I spent my time with the museum exploring mixed reality games, which comprise of exploration of the real world through interactions with a device. I used the Android SDK/Eclipse bundle to create mobile applications that served information about museum exhibits.
The initial test run of the application started during the 2013 Performance in Games workshop, where the museum offered access. After a short game jam-like period of five days, the application had a test run with around fifteen people, tasked to solve a series of short clues on their devices, which led to exhibits with NFC tags.

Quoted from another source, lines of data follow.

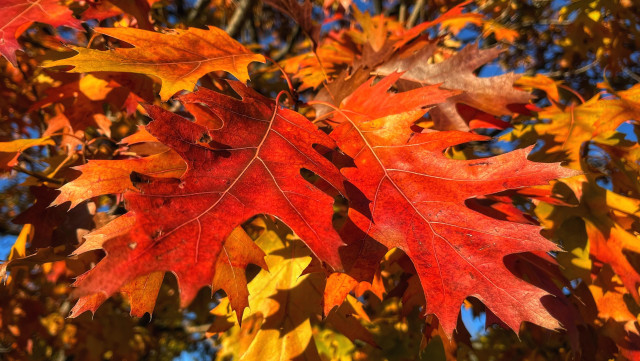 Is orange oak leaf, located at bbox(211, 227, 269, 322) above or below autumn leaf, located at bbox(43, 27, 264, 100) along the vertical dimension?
below

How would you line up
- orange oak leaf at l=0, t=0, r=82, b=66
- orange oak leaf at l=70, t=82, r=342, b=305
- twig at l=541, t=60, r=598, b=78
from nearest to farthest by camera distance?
orange oak leaf at l=70, t=82, r=342, b=305, orange oak leaf at l=0, t=0, r=82, b=66, twig at l=541, t=60, r=598, b=78

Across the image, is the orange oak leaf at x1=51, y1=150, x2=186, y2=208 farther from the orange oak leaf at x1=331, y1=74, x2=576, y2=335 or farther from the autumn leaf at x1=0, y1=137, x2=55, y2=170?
the autumn leaf at x1=0, y1=137, x2=55, y2=170

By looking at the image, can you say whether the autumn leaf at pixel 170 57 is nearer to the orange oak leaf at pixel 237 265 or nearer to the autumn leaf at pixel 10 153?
the orange oak leaf at pixel 237 265

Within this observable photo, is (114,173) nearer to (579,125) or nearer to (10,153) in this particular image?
(10,153)

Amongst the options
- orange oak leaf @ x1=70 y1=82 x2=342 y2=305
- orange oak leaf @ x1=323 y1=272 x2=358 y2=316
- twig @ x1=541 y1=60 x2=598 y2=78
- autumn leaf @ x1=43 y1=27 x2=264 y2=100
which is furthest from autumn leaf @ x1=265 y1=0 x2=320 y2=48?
twig @ x1=541 y1=60 x2=598 y2=78

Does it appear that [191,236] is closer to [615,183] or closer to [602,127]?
[602,127]

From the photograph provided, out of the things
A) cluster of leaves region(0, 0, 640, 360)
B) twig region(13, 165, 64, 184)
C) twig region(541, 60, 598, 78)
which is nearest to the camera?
cluster of leaves region(0, 0, 640, 360)

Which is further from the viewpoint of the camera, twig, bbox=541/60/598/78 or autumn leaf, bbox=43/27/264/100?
twig, bbox=541/60/598/78

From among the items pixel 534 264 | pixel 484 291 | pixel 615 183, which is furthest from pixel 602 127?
pixel 484 291

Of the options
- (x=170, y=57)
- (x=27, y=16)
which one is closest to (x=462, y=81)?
(x=170, y=57) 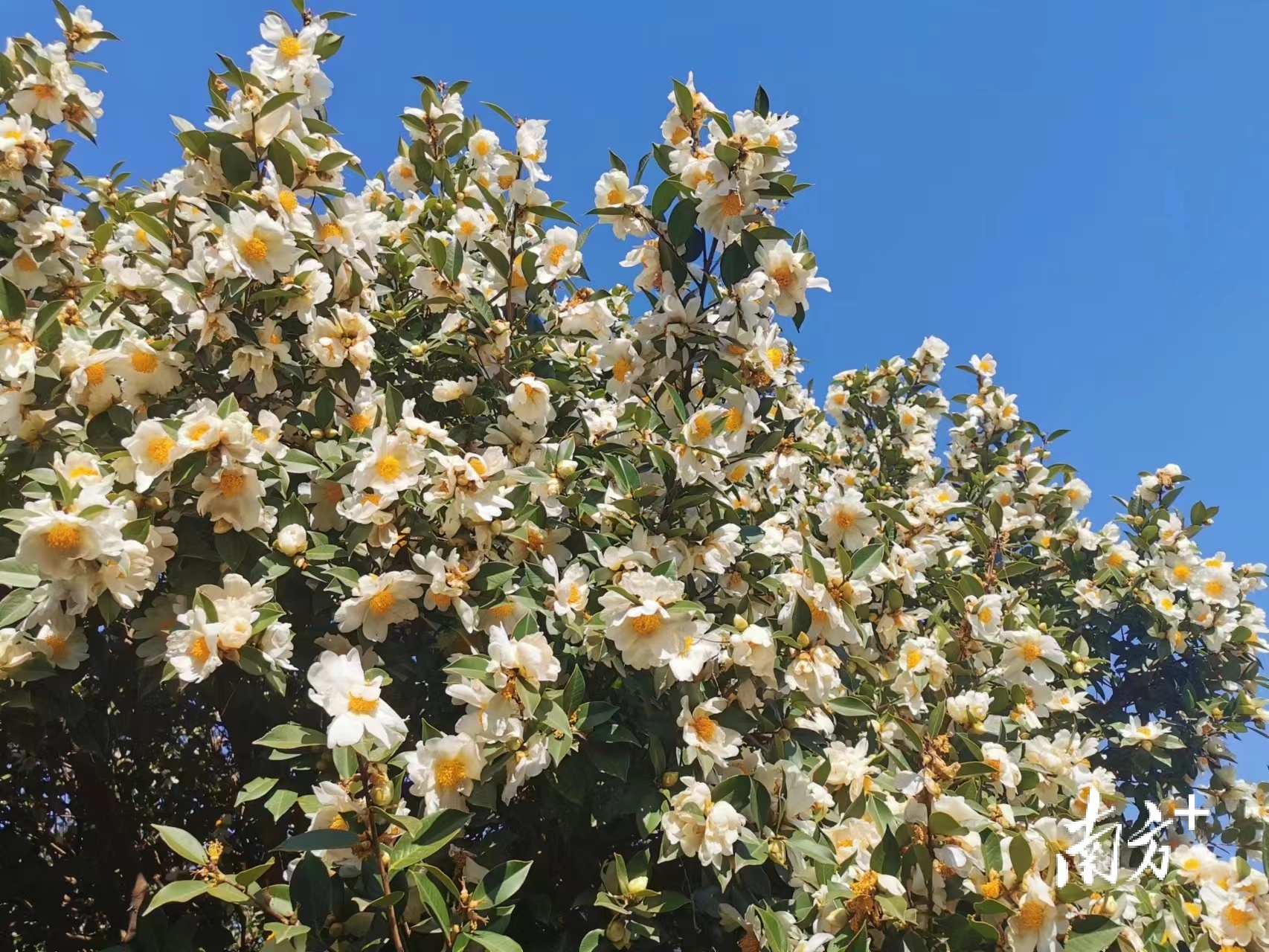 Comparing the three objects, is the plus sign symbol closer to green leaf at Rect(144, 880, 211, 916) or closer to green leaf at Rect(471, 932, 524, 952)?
green leaf at Rect(471, 932, 524, 952)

These tags can be "scanned" by a compatible phone, allowing the device to see the player progressing with their challenges.
Later prototypes used bluetooth beacons (iBeacons), standalone battery powered devices which allow - within a (large) margin of error - to detect the proximity of a bluetooth-enabled device to a beacon. Replacing NFC tags with beacons allowed for an experience that didn't visibly on physically intrude on museum exhibits, since the beacons could be hidden out of sight with ease.
Though the application saw no consumer release within the museum, it was an invaluable experience to be able to work with museum staff to develop a product and to get feedback from real players.